#### Work order
Starting at the line that contains "Goniolimon speciosum", copy every line through the end of the records below exactly as written, leaving out pictures.

*** Opening of Data extracts ***

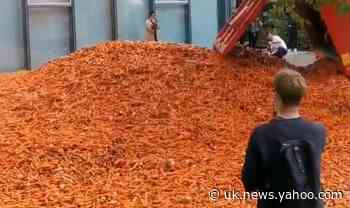 Truck load of carrots dumped outside London university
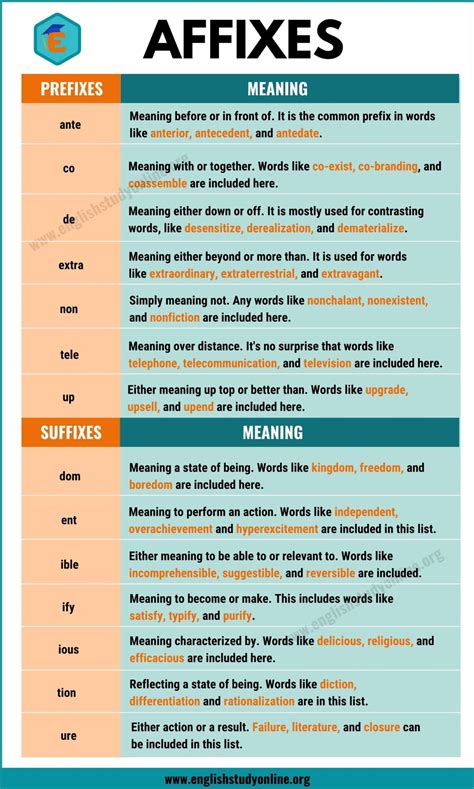 Affixes Definition | List of Common Prefixes & Suffixes - English Study Online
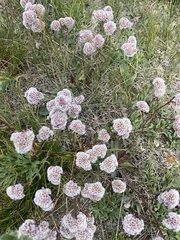 Goniolimon speciosum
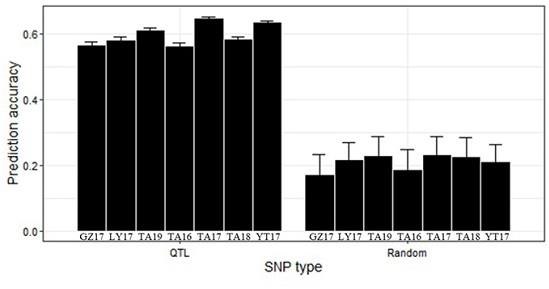 一组与小麦穗粒数显著关联的SNP位点及其在小麦遗传育种中的应用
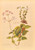 Digital Print - Calceolaria Sinclairii by Georgina Burne Hetley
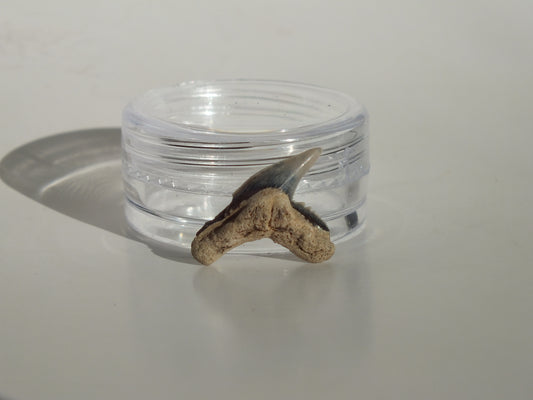 0.73" Physogaleus Contortus Tooth (Lee Creek)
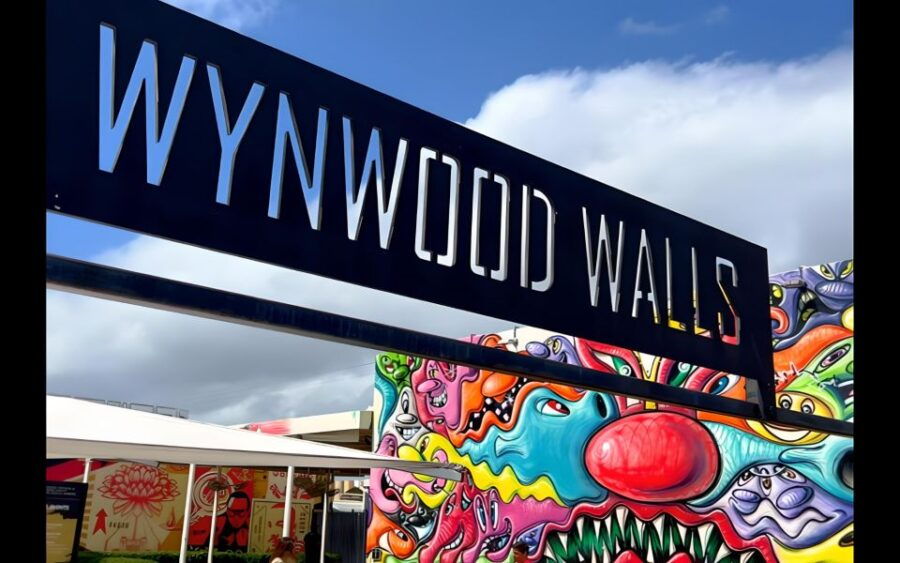 Explore in the Vibrant Art Scene of Wynwood Art Private Tour - Good To Know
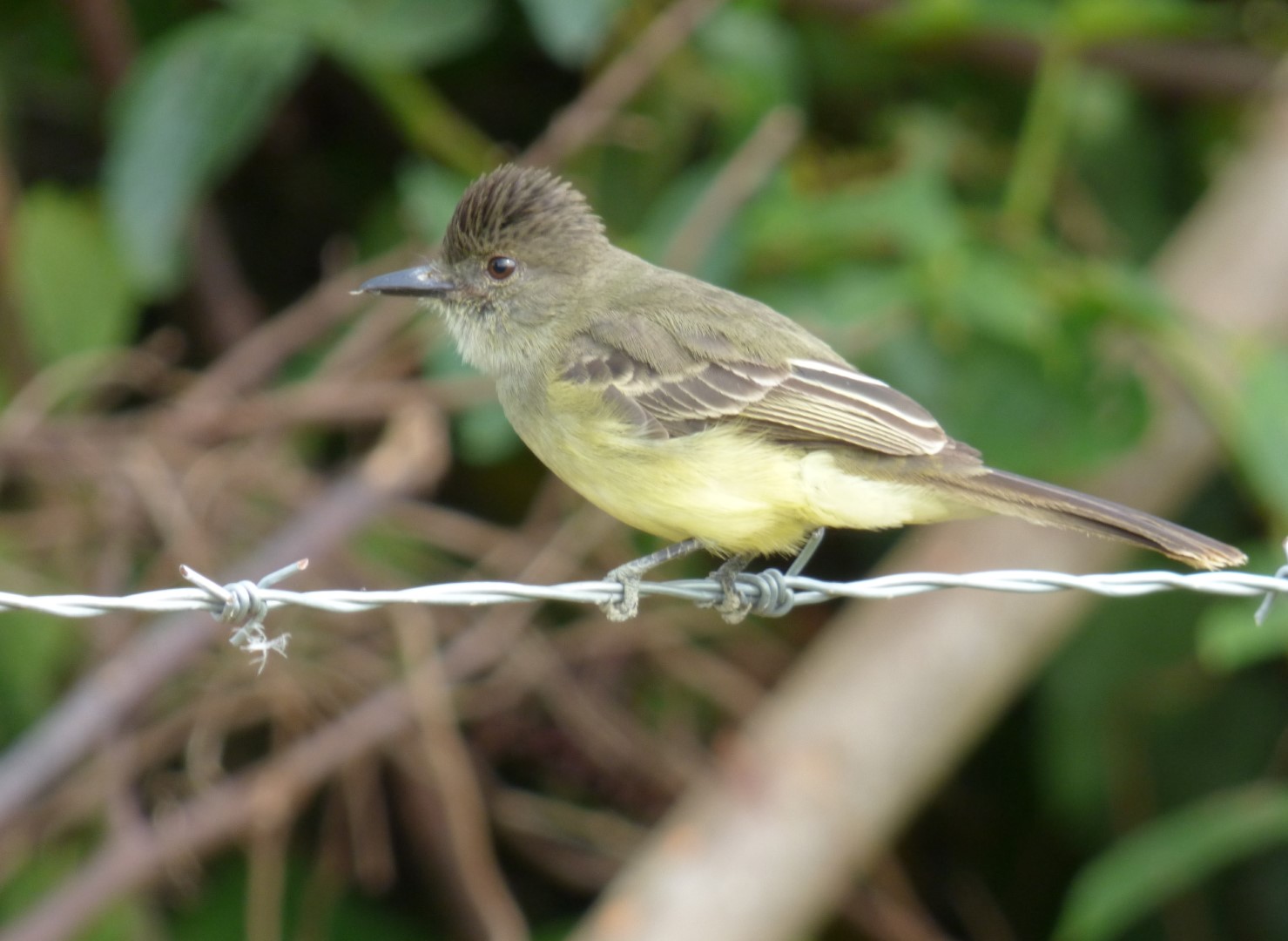 Apical Flycatcher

*** Close of Data extracts ***

#### Output
 Goniolimon speciosum
 一组与小麦穗粒数显著关联的SNP位点及其在小麦遗传育种中的应用
 Digital Print - Calceolaria Sinclairii by Georgina Burne Hetley
 0.73" Physogaleus Contortus Tooth (Lee Creek)
 Explore in the Vibrant Art Scene of Wynwood Art Private Tour - Good To Know
 Apical Flycatcher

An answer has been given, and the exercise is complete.